▸ Data records
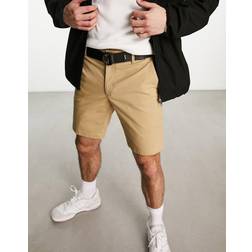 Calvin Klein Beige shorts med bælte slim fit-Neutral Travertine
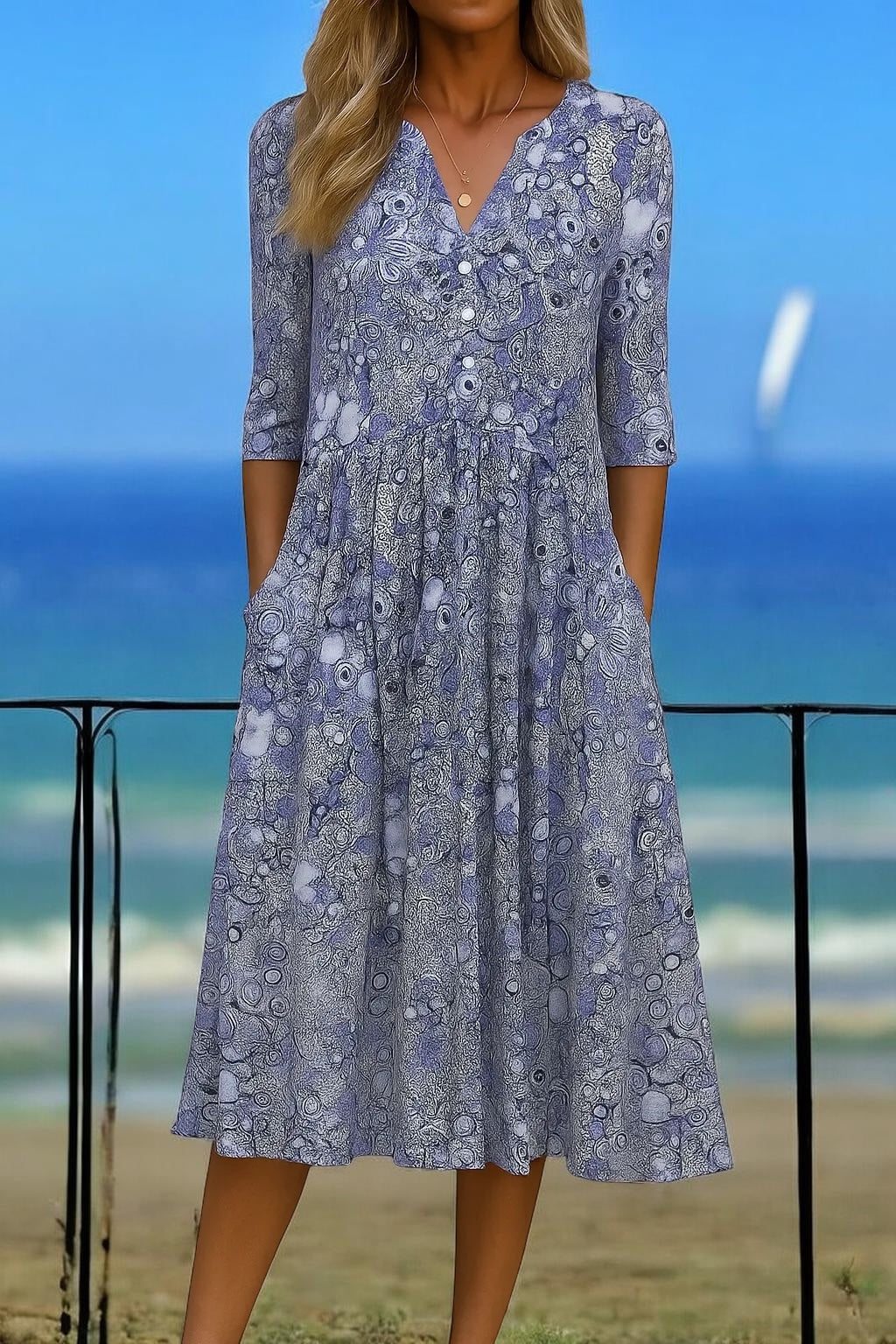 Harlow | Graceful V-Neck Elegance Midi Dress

...

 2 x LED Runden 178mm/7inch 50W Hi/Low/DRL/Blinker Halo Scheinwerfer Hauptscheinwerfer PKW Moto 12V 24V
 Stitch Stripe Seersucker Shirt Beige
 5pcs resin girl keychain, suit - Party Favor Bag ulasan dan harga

▸ Directions
Among the entries above, find the line with "Calvin Klein Beige" and repeat exactly from there through the line with "Harlow | Graceful V-Neck Elegance Midi Dress", leaving out the pictures.

▸ Solution for this exercise
 Calvin Klein Beige shorts med bælte slim fit-Neutral Travertine
 Harlow | Graceful V-Neck Elegance Midi Dress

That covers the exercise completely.